Task directions: Restate word for word the lines of the material below, from the line with "During this time, you" to the line with "Step 2: Place", both lines included, and no others.

[Records shown Boundary: Start]

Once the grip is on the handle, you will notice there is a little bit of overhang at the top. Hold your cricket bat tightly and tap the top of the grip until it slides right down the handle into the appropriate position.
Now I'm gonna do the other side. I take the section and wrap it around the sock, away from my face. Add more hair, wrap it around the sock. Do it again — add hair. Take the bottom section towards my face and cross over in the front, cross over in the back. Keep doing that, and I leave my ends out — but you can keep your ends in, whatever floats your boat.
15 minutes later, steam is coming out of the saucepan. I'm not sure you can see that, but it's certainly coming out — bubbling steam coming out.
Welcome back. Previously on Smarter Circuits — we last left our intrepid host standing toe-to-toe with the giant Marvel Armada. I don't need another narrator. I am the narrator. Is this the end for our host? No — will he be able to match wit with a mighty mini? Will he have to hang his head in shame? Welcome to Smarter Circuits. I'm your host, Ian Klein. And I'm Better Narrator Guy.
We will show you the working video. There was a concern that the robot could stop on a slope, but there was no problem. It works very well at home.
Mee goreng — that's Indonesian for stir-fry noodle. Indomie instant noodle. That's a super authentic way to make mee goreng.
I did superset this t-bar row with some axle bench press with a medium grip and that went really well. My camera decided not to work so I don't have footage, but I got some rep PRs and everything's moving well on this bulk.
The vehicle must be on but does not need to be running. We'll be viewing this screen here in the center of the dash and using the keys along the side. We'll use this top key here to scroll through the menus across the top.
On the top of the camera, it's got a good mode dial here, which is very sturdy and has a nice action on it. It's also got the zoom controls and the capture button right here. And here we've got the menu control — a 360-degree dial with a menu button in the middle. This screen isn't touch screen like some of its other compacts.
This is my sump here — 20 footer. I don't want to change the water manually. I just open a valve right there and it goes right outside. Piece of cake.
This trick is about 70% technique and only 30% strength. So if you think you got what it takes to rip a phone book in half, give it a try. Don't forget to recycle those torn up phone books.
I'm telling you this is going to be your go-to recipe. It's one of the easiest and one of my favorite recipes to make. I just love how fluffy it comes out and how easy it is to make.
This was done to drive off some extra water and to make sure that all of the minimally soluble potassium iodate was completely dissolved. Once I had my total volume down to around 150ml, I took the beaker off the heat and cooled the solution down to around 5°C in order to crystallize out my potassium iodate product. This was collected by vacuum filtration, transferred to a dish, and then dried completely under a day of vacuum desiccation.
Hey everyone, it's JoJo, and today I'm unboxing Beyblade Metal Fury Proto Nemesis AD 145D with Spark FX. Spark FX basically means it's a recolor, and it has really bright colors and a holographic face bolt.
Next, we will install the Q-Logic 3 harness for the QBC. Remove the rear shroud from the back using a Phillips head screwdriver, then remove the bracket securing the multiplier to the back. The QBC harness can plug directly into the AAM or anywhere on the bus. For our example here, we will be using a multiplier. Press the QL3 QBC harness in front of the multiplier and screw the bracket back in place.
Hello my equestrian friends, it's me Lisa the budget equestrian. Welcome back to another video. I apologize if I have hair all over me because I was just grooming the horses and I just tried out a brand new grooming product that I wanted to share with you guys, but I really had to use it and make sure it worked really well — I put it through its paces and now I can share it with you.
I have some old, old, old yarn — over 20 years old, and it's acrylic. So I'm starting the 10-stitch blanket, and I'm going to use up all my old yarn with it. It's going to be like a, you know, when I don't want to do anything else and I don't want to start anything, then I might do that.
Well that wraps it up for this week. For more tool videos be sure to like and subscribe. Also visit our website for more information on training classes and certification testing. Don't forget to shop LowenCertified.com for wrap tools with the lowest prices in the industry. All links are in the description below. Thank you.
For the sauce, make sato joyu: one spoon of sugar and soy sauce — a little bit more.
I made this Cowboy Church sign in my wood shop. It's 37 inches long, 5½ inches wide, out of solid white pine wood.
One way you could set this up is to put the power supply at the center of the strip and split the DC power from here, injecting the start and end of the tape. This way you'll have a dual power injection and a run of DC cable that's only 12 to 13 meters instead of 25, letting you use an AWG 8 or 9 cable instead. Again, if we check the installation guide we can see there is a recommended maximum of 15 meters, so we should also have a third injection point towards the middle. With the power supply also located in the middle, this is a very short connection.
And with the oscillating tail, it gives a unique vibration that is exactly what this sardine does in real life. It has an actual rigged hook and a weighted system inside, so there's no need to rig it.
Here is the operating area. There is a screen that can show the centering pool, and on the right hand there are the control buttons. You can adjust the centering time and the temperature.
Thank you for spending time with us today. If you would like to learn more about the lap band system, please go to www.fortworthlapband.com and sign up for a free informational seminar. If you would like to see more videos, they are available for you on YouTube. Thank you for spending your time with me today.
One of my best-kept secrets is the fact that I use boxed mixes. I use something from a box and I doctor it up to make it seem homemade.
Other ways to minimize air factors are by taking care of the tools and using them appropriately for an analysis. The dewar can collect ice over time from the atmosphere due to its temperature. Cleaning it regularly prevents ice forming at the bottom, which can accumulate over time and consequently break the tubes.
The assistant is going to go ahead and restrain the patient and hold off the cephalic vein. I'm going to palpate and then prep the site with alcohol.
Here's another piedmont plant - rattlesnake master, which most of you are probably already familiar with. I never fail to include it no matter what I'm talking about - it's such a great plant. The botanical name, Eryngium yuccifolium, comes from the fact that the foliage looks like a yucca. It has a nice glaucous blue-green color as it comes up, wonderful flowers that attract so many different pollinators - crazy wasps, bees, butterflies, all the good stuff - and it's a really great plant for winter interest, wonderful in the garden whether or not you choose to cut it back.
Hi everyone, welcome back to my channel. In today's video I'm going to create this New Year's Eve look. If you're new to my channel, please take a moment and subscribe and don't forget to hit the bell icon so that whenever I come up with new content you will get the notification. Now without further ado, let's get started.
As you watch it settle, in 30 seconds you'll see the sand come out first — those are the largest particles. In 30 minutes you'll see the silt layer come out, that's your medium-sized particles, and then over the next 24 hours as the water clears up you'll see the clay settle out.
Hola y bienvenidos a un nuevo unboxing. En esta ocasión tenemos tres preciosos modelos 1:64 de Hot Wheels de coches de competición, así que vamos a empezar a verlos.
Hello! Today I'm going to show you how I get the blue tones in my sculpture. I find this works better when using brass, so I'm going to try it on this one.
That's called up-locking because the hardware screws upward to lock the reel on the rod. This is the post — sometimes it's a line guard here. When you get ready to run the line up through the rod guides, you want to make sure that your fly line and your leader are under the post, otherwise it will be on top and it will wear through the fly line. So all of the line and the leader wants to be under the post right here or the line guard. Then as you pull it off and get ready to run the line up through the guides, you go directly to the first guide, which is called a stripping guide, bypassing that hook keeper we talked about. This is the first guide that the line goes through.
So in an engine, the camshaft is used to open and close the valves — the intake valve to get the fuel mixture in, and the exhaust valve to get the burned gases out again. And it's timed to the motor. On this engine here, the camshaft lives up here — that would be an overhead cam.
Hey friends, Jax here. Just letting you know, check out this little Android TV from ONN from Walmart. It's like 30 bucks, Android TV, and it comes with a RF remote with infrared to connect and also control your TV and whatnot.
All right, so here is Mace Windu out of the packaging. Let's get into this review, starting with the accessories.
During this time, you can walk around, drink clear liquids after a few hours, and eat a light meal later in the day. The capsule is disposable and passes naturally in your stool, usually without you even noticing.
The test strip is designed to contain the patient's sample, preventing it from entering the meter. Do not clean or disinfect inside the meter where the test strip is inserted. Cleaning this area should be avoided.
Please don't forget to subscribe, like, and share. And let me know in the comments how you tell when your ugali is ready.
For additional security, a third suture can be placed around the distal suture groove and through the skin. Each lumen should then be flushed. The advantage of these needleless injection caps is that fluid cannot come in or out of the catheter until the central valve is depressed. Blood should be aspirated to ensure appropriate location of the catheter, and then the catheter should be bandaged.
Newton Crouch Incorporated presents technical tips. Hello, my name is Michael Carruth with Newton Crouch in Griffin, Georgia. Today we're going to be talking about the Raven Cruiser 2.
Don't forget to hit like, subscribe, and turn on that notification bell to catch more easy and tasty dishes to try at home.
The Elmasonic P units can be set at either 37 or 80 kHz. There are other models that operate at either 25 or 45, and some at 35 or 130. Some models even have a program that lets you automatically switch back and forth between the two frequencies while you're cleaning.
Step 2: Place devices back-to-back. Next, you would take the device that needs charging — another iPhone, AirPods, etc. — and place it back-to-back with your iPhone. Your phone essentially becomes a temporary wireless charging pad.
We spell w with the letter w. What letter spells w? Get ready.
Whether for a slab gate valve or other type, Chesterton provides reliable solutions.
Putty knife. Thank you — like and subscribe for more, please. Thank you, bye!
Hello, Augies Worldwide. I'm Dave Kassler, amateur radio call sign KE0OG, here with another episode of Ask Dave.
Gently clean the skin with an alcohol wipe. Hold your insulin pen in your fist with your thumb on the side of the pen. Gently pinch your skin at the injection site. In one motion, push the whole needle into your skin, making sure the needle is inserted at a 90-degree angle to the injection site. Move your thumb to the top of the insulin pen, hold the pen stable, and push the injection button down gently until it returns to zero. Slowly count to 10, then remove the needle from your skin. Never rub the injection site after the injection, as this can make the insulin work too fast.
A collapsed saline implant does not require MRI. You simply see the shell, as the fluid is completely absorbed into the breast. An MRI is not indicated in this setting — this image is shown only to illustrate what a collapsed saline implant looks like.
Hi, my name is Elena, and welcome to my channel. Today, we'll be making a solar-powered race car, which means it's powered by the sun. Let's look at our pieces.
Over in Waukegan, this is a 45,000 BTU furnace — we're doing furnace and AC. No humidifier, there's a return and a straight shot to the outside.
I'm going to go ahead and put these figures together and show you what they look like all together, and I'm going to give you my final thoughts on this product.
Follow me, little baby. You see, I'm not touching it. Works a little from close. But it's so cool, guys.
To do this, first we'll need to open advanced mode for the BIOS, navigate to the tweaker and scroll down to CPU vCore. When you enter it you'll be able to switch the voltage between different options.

[Records shown Boundary: End]

Answer:
During this time, you can walk around, drink clear liquids after a few hours, and eat a light meal later in the day. The capsule is disposable and passes naturally in your stool, usually without you even noticing.
The test strip is designed to contain the patient's sample, preventing it from entering the meter. Do not clean or disinfect inside the meter where the test strip is inserted. Cleaning this area should be avoided.
Please don't forget to subscribe, like, and share. And let me know in the comments how you tell when your ugali is ready.
For additional security, a third suture can be placed around the distal suture groove and through the skin. Each lumen should then be flushed. The advantage of these needleless injection caps is that fluid cannot come in or out of the catheter until the central valve is depressed. Blood should be aspirated to ensure appropriate location of the catheter, and then the catheter should be bandaged.
Newton Crouch Incorporated presents technical tips. Hello, my name is Michael Carruth with Newton Crouch in Griffin, Georgia. Today we're going to be talking about the Raven Cruiser 2.
Don't forget to hit like, subscribe, and turn on that notification bell to catch more easy and tasty dishes to try at home.
The Elmasonic P units can be set at either 37 or 80 kHz. There are other models that operate at either 25 or 45, and some at 35 or 130. Some models even have a program that lets you automatically switch back and forth between the two frequencies while you're cleaning.
Step 2: Place devices back-to-back. Next, you would take the device that needs charging — another iPhone, AirPods, etc. — and place it back-to-back with your iPhone. Your phone essentially becomes a temporary wireless charging pad.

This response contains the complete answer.